Through the telescope, researchers were able to see signals from large amounts of gas that accumulate and accrete onto a mini-galaxy in the process of being built. While this is how galaxies are formed according to theories and computer simulations, it had never actually been witnessed.

"You could say that these are the first 'direct' images of galaxy formation that we've ever seen. Whereas the James Webb has previously shown us early galaxies at later stages of evolution, here we witness their very birth, and thus, the construction of the first star systems in the universe," says Assistant Professor Kasper Elm Heintz from the Niels Bohr Institute, who led the new study.

Galaxies born shortly after the Big Bang

The researchers estimate the birth of the three galaxies to have occurred roughly 400–600 million years after the Big Bang, the explosion that began it all. While that sounds like a long time, it corresponds to galaxies forming during the first 3–4% of the universe's 13.8-billion-year overall lifetime.

Shortly after the Big Bang, the universe was an enormous opaque gas of hydrogen atoms—unlike today, where the night sky is speckled with a blanket of well-defined stars.

"During the few hundred million years after the Big Bang, the first stars formed, before stars and gas began to coalesce into galaxies. This is the process that we see the beginning of in our observations," explains Associate Professor Darach Watson.

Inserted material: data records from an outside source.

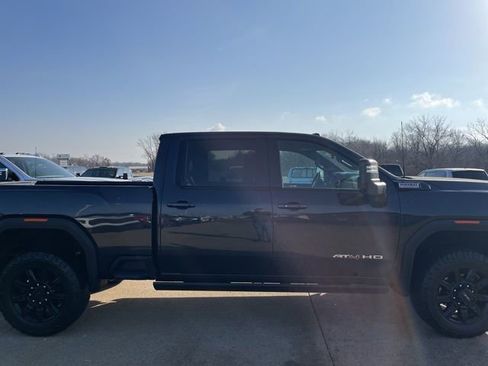 Used 2024 GMC Sierra 2500 AT4 w/ AT4 Premium Plus Package image 4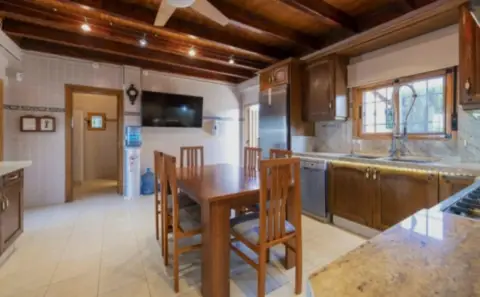 Chalet en Camino Onda - Salesianos - Centro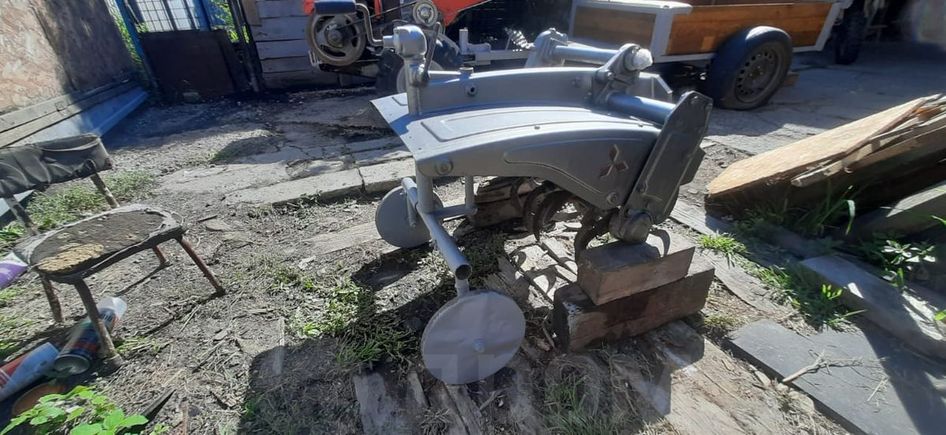  Mitsubishi CT700 2000 , 160000 , 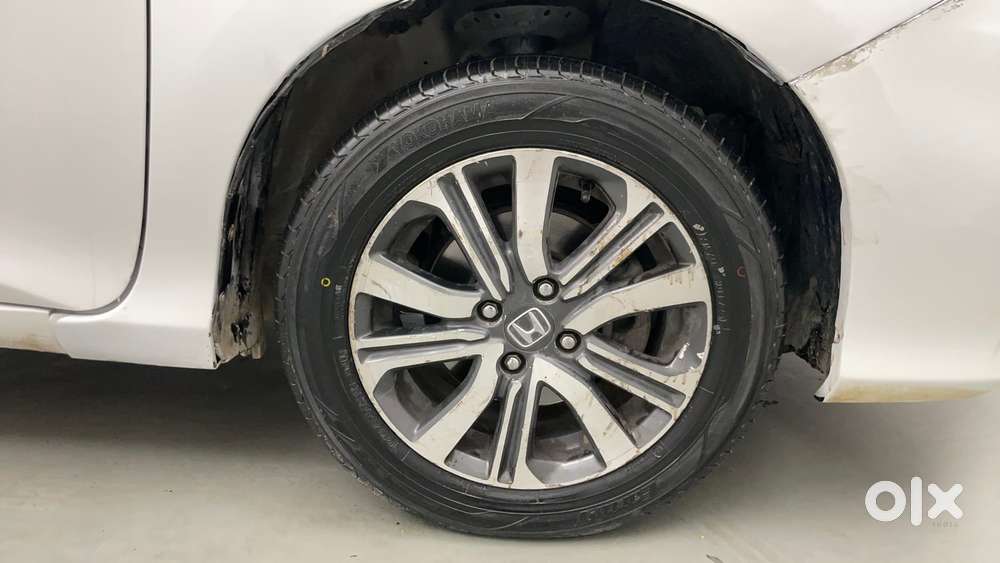 Honda City 1.5 V 4th Gen I-vtec Mt, 2020, Petrol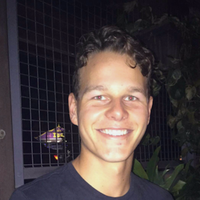 Jayden Jodvalkis的照片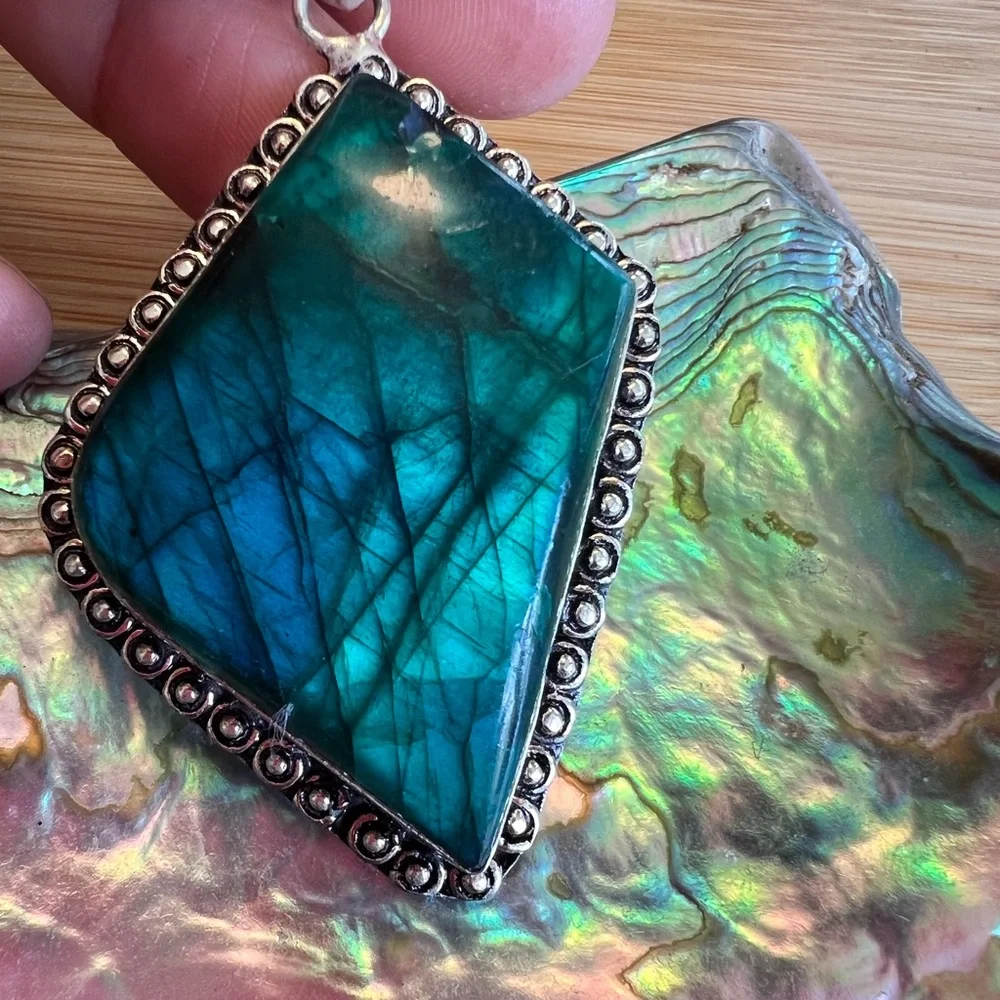 Green Labradorite Silver Pendant - Picture 4 of 9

The birth of galaxies took place at a time in the history of the universe known as the Epoch of Reionization, when the energy and light of some of the first galaxies broke through the mists of hydrogen gas.

It is precisely these large amounts of hydrogen gas that the researchers captured using the James Webb Space Telescope's infrared vision. This is the most distant measurement of the cold, neutral hydrogen gas, which is the building block of the stars and galaxies, discovered by scientific researchers to date.

Adds to the understanding of our origins

The study was conducted by Kasper Elm Heintz, in close collaboration with--among others--research colleagues Darach Watson, Gabriel Brammer and Ph.D. student Simone Vejlgaard from the Cosmic Dawn Center at the University of Copenhagen's Niels Bohr Institute—a center whose stated goal is to investigate and understand the dawn of the universe. This latest result brings them much closer to doing just that.

The research team has already applied for more observation time with the James Webb Space Telescope, with hopes of expanding upon their new result and learning more about the earliest epoch in the formation of galaxies.

"For now, this is about mapping our new observations of galaxies being formed in even greater detail than before. At the same time, we are constantly trying to push the limit of how far out into the universe we can see. So, perhaps we'll reach even further," says Vejlgaard.

According to the researcher, the new knowledge contributes to answering one of humanity's most basic questions.

"One of the most fundamental questions that we humans have always asked is 'Where do we come from?' Here, we piece together a bit more of the answer by shedding light on the moment that some of the universe's first structures were created. It is a process that we'll investigate further, until hopefully, we are able to fit even more pieces of the puzzle together," concludes Associate Professor Brammer.

The study was conducted by researchers Kasper E. Heintz, Darach Watson, Gabriel Brammer, Simone Vejlgaard, Anne Hutter, Victoria B. Strait, Jorryt Matthee, Pascal A. Oesch, Pall Jakobsson, Nial R. Tanvir, Peter Laursen, Rohan P. Naidu, Charlotte A. Mason, Meghana Killi, Intae Jung, Tiger Yu-Yang Hsiao, Abdurro'uf, Dan Coe, Pablo Arrabal Haro, Steven L. Finkelstein, & Sune Toft.